TASK GOAL:
The data below contains pictures, which are to be skipped; the lines starting at the line with "Israeli Porn Actress" and ending at the line with "Carte de vacances" are to be output exactly, both ends included.
[Start of Attachment]
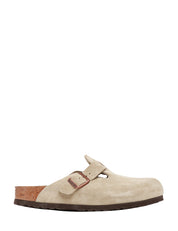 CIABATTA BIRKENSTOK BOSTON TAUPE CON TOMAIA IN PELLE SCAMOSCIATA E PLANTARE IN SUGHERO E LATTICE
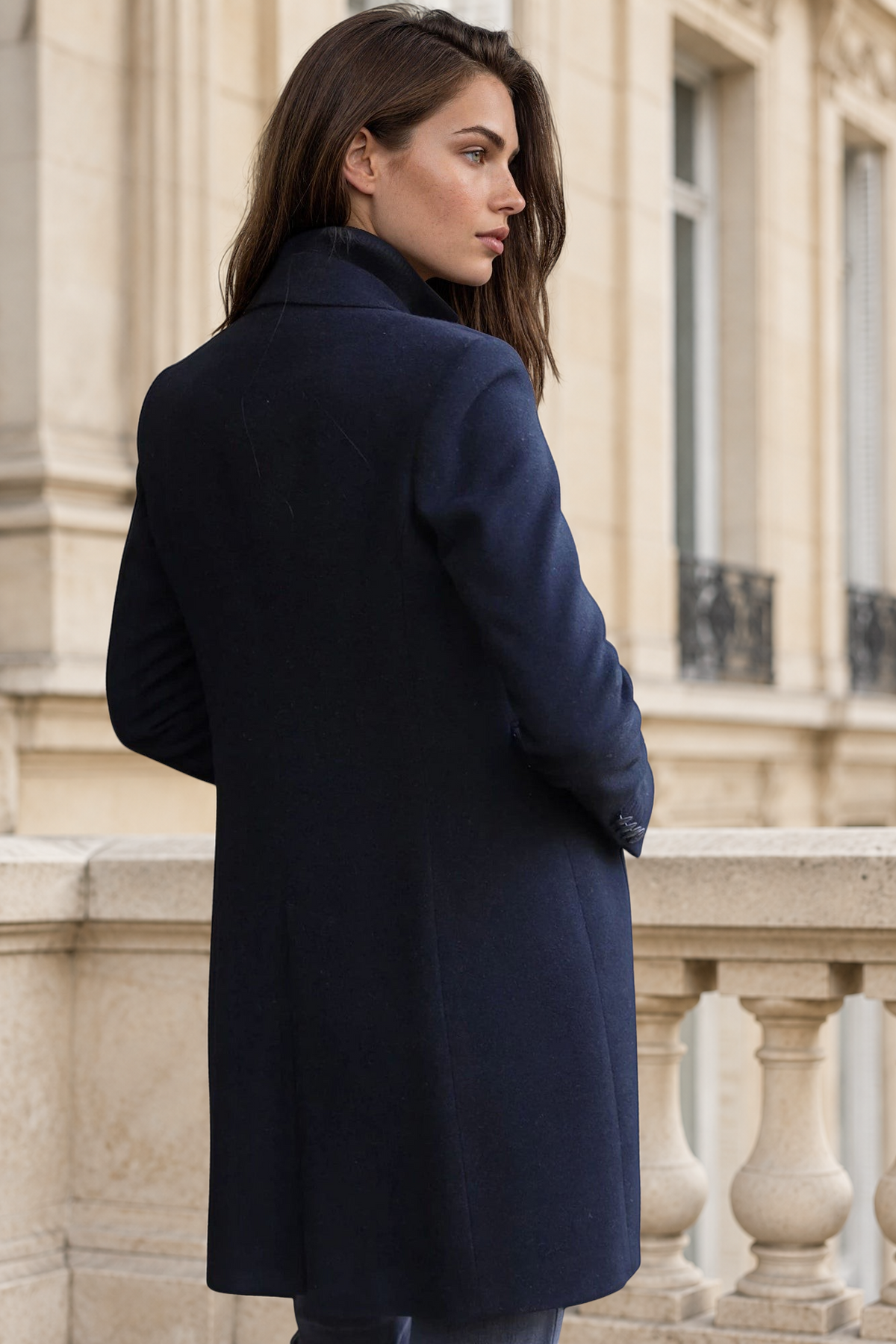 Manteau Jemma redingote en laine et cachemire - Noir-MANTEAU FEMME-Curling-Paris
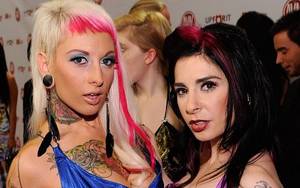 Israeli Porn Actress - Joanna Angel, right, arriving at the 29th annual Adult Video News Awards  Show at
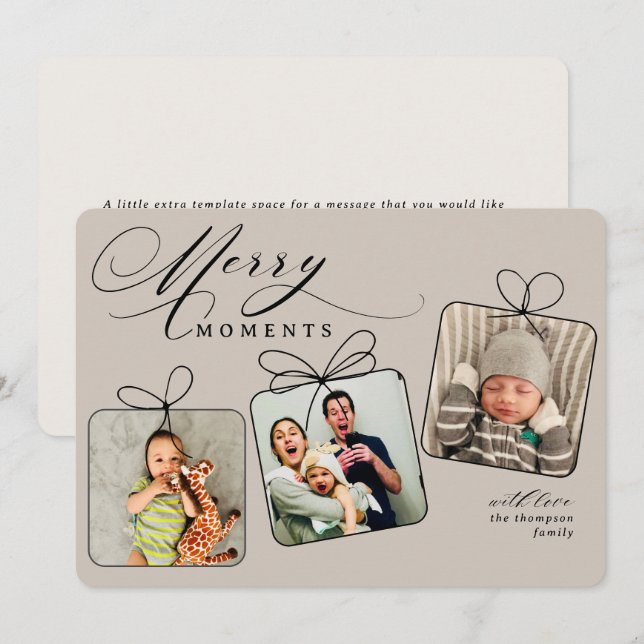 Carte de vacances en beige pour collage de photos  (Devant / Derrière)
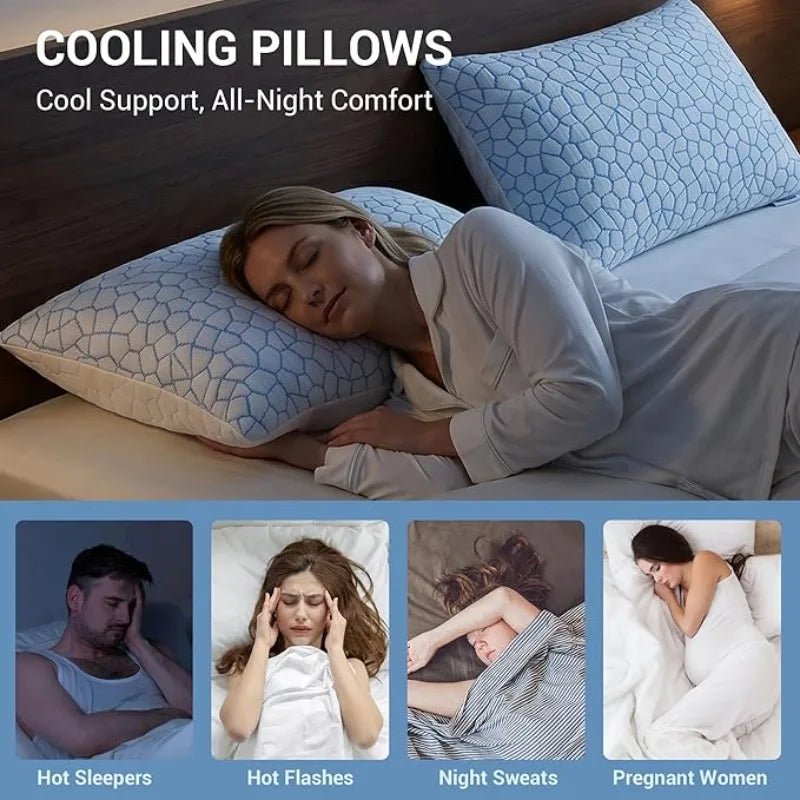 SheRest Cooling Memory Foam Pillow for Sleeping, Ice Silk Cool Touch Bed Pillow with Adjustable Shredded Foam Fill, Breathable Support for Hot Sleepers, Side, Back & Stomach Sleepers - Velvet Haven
[End of Attachment]
ANSWER FOR THE TASK:
 Israeli Porn Actress - Joanna Angel, right, arriving at the 29th annual Adult Video News Awards  Show at
 Carte de vacances en beige pour collage de photos  (Devant / Derrière)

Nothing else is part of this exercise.